Much about the announcement didn’t add up. If the hackers wanted to maximize profits, why would they promise to make the tools public if they hit an auction milestone? Why was the announcement written in convoluted broken English, with a tacked-on screed attacking “wealthy elites”? It almost read like a parody hacktivist manifesto. No one took it seriously, and that showed in the trickle of tiny bids for the purported cyber weapons.
But then researchers started examining the code snippets and the free samples the Shadow Brokers had posted. The programming looked authentic. It was complex and, more significantly, it seemed to match code linked to the NSA in the past.
Then Edward Snowden, the NSA contractor-turned-whistle-blower whose disclosures have revealed details of the Equation Group’s tools, weighed in. “Circumstantial evidence and conventional wisdom indicates Russian responsibility,” he tweeted. Further bolstering the hack’s credibility, the networking giant Cisco issued a security notice to its customers, confirming that two of the exploits from the Shadow Brokers affected its software.
The Shadow Brokers cache now appeared to be a genuine trove of secret NSA weapons, stolen by hackers linked to Russia.

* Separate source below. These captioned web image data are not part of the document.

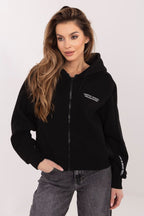 Women's Hoodie Full-Zip Chest Lettering Cotton Blend – Hoodie | GUOCALI – view 7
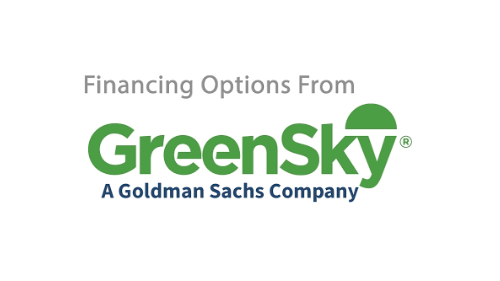 The logo for greensky is a goldman sachs company.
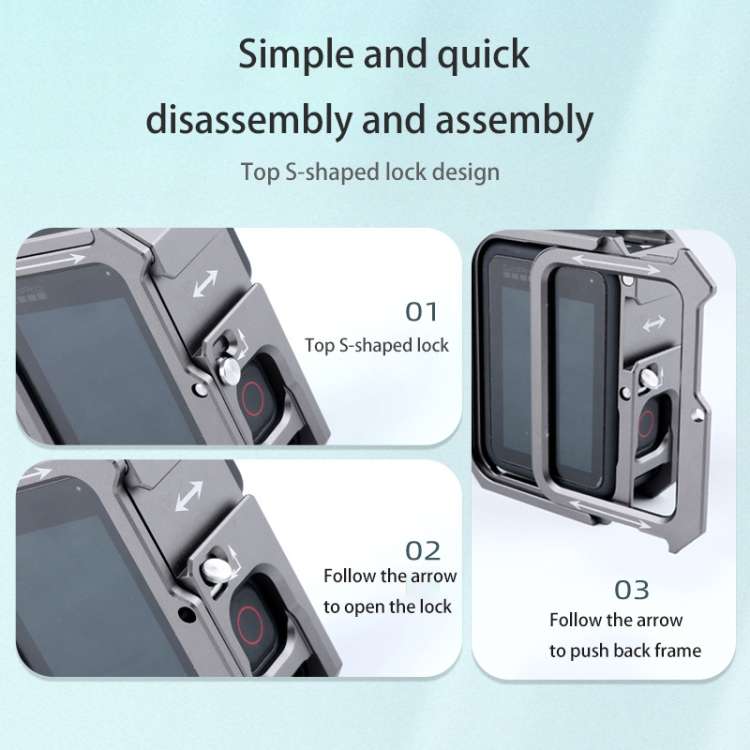 RUIGPRO for GoPro HERO10 Black / HERO9 Black Metal Border Frame Mount Protective Cage with Dual C...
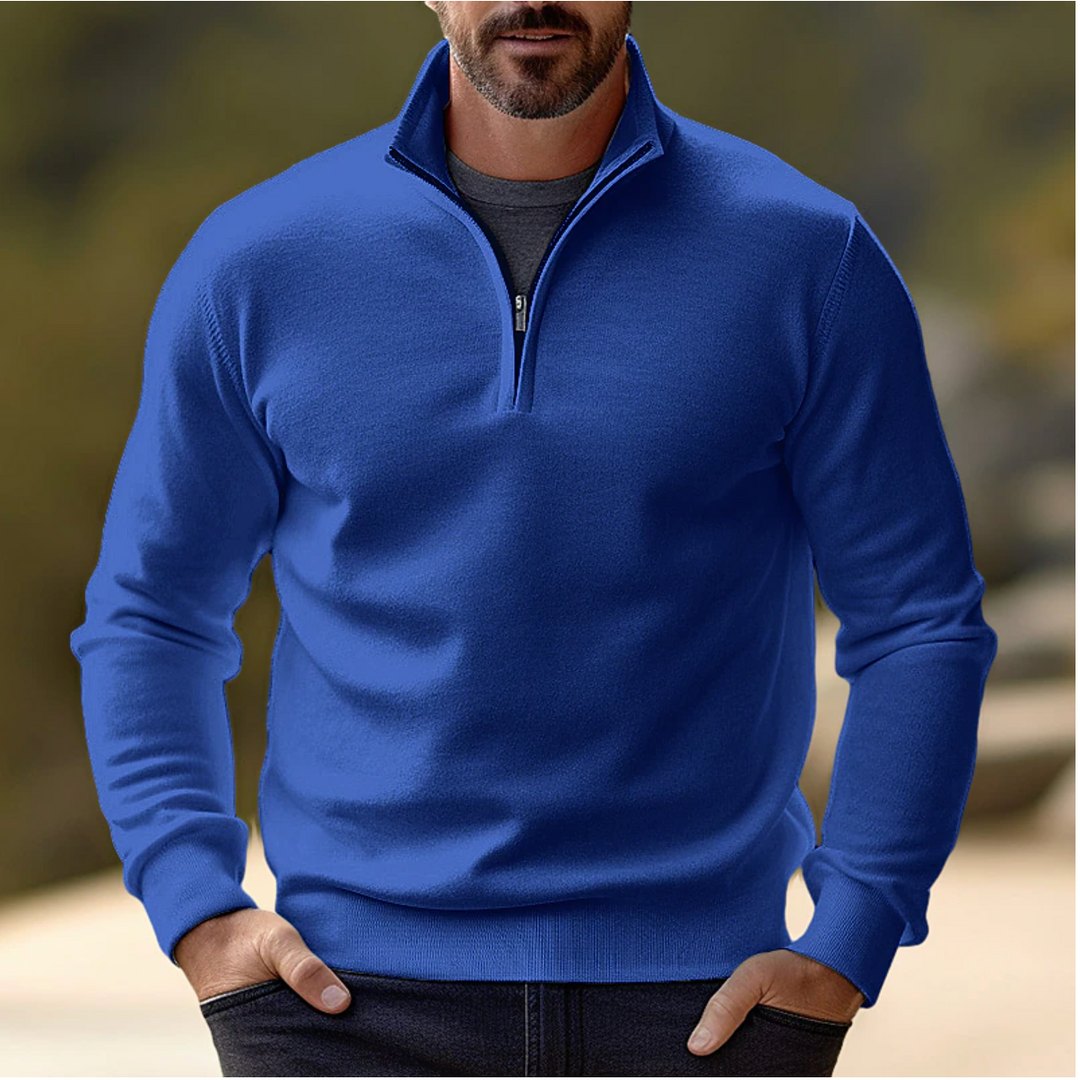 Men's long sleeve quarter zip sweater, versatile for fall & winter fashion and casual wear.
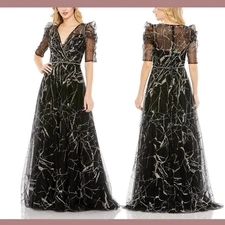 NWT Mac Duggal [ 14 ] 20428 Embellished Gathered Puff Sleeve Wrap Gown #S1718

They weren’t a joke anymore.
As Snowden indicated, the link to Russia is based on circumstantial evidence: Expert observers say that if the code was really stolen from the NSA, then only a powerful government-backed hacking effort could be behind it. Russia is thought a likely candidate because of its suspected links to hacks around the US presidential election, including emails stolen from the Democratic National Committee.
“The real problem for us is that the Russians seem to have taken the gloves off in the cyberdomain,” said James Lewis, a cybersecurity expert at the Center for Strategic and International Studies, told the New York Times (paywall).
The potential damage from the Shadow Broker files may be limited. Researchers believe that the newest files are from 2013, just after Snowden made his disclosures public. It’s believed that the hackers were lurking on NSA servers until that time, but then had their access removed when the agency changed its security procedures in the wake of Snowden’s leaks.
But the notion that hackers had infiltrated the NSA’s servers hints at a dark future for digital warfare. As the security researcher Nicholas Weaver notes: “I’d imagine that the folks at NSA are having rather unpleasant conversations about what the other encrypted file might contain, and what other secrets this attacker may have gained access to … And—most chillingly—what else might be released before this war of leaks is over?”